--- Your objective ---
Omitting any pictures, transcribe the entries below exactly.

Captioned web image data
══════════════════════════════

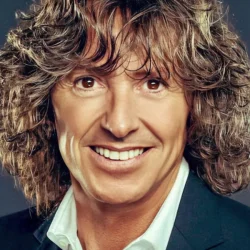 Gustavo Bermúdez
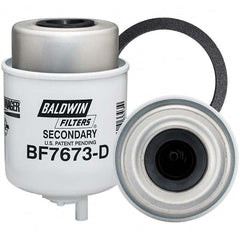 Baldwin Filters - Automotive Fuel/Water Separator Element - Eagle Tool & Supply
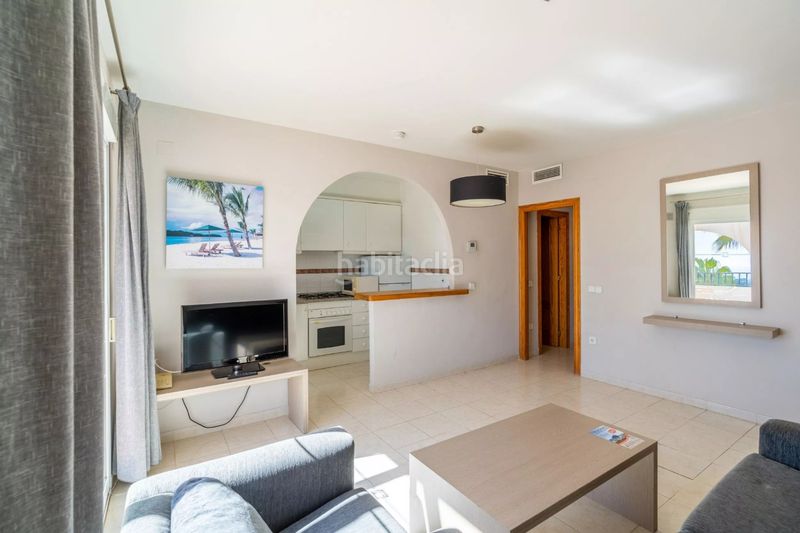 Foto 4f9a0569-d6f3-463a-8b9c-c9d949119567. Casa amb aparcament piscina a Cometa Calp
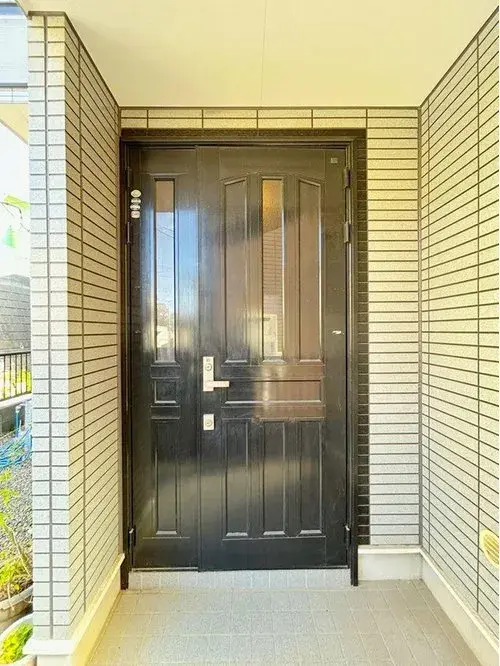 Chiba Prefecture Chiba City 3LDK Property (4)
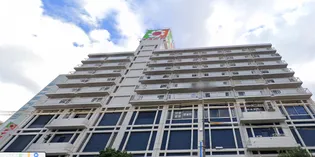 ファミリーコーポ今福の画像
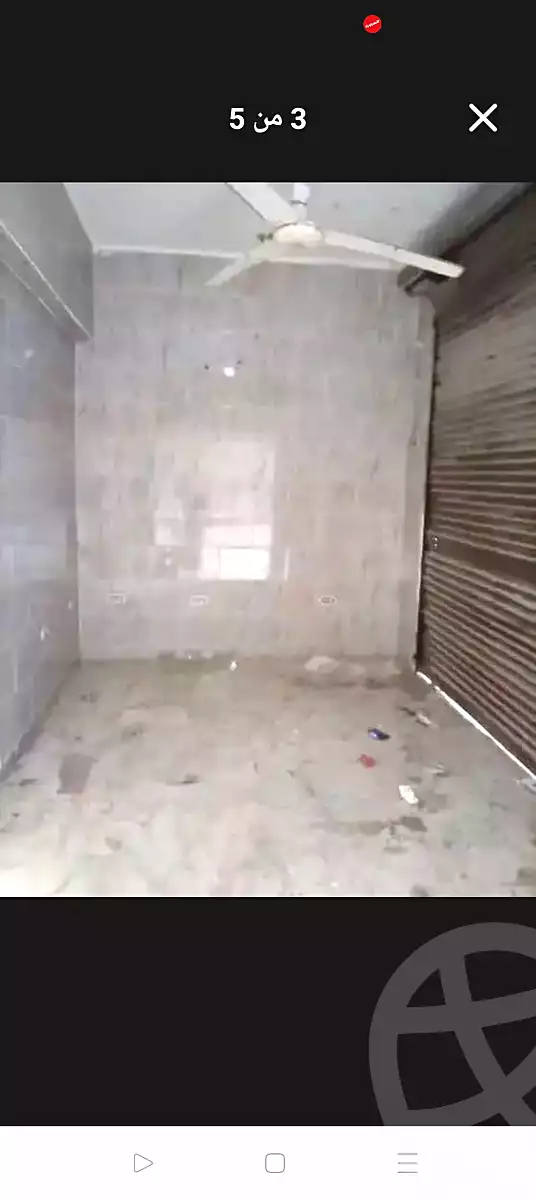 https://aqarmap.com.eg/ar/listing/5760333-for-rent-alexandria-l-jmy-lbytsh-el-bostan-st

══════════════════════════════

--- Solution to this problem ---
 Gustavo Bermúdez
 Baldwin Filters - Automotive Fuel/Water Separator Element - Eagle Tool & Supply
 Foto 4f9a0569-d6f3-463a-8b9c-c9d949119567. Casa amb aparcament piscina a Cometa Calp
 Chiba Prefecture Chiba City 3LDK Property (4)
 ファミリーコーポ今福の画像
 https://aqarmap.com.eg/ar/listing/5760333-for-rent-alexandria-l-jmy-lbytsh-el-bostan-st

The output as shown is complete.